The 2022-2023 academic year marks Illinois State University's third year of the Redbird Esports program. This year, the program expanded to hire three new coaches. 

One of the newest coaches is Zachary Dell, who will be coaching the Redbird Rocket League team. Dell started playing Rocket League during his senior year at Carnegie Mellon University. As time passed, he realized he had developed skill for the game. 

“I first got into Rocket League casually in July 2015 when it was on PS+ for free, and myself and a couple of friends grabbed it to see if it was any good,” Dell said. “We played for fun for a couple [of] months, and eventually, we realized that we were starting to get decent. A couple of us started looking into tournaments, etc., and we got to a pretty high level.”

Before coming to ISU, Dell coached the Rocket League team at Ohio State University, where he also received his Ph.D. in mathematics. He led the team to a top-two national ranking. 

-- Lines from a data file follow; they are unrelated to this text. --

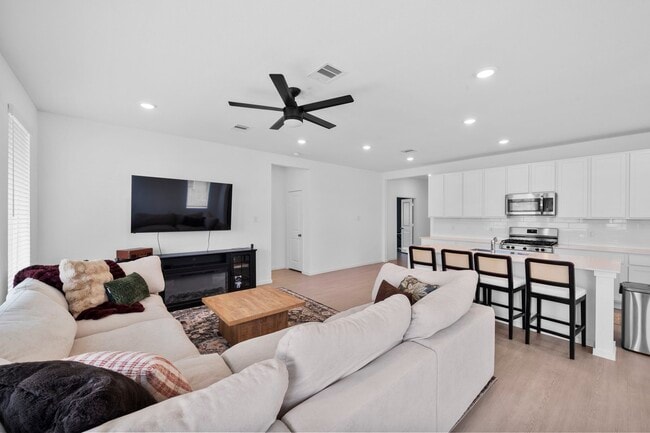 Building Photo - 807 Heaven Dr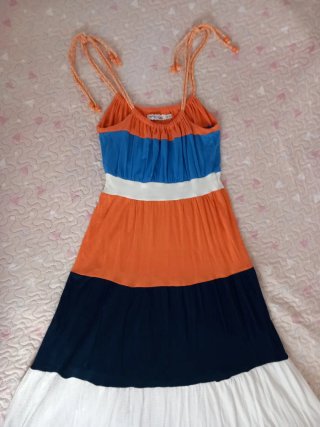 Vestido largo Bershka de tirantes talla XS S 34 36
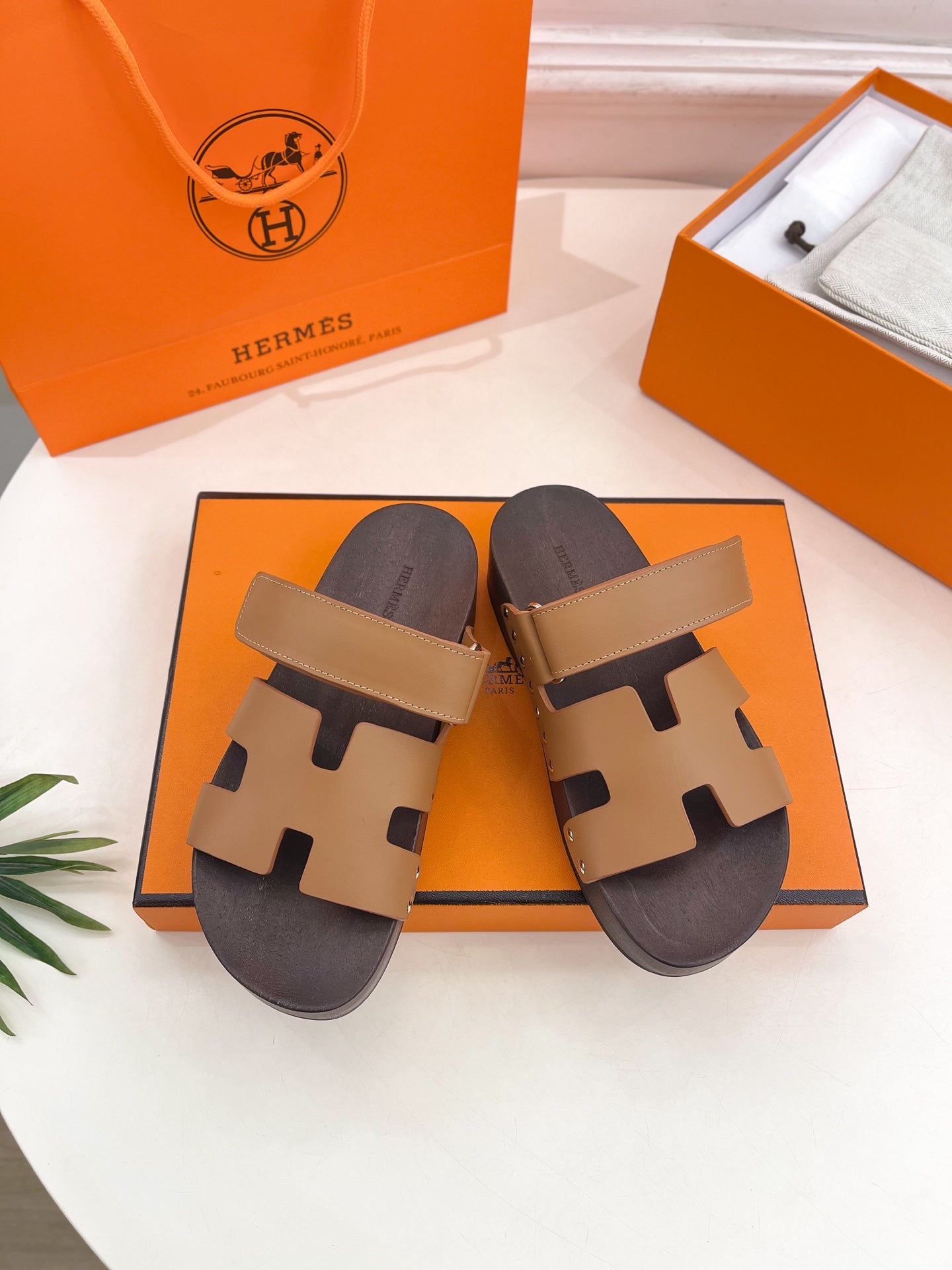 KOS CLOG IN PEANUT BROWN CALFSKIN、mysite、Cacoeks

Among the three new Redbird Esports coaches is Zachary Dell, who will be leading the Redbird Rocket League team. Dell began his Rocket League career during his senior year at Carnegie Mellon University. 

Although Dell’s work with the Rocket League team at Ohio State marked the first time he had seriously coached a group of players, he was able to adopt a few strategies that helped significantly improve the team’s performance. 

“The Ohio State teams were the first players I had coached seriously who were better than me at the game, even if it was a small gap in the beginning. Naturally, this involved making sure I didn’t overstep what I knew while also still finding ways to be helpful,” Dell said. 

“Another big aspect to it was [the] mentality — finding ways to keep the players’ heads in the game so they didn’t tilt or get demotivated when things went wrong,” Dell continued.  

However, balancing his studies with a passion for esports was not always easy.

“The biggest thing with grad school was, of course, time management. Making sure I could get done all my teaching responsibilities, keep making progress on my research and still be able to keep up coaching Rocket League was tricky at times,” Dell said. 

Still, some aspects of his course of study helped him to engage better with his coaching practices. 

“The main influence of my mathematics background is that I come into coaching with a very analytical mindset; I break down the game and look for objective ways to improve, and I make sure any change I request of players can be justified,” Dell said. 

For someone with a demonstrated passion for esports, coaching Rocket League at ISU had some obvious draws. 

“ISU is one of the top schools in the country for esports, and I was already following because of that,” Dell said. “So when the job listing for a head RL coach came up, it was an easy decision to apply.”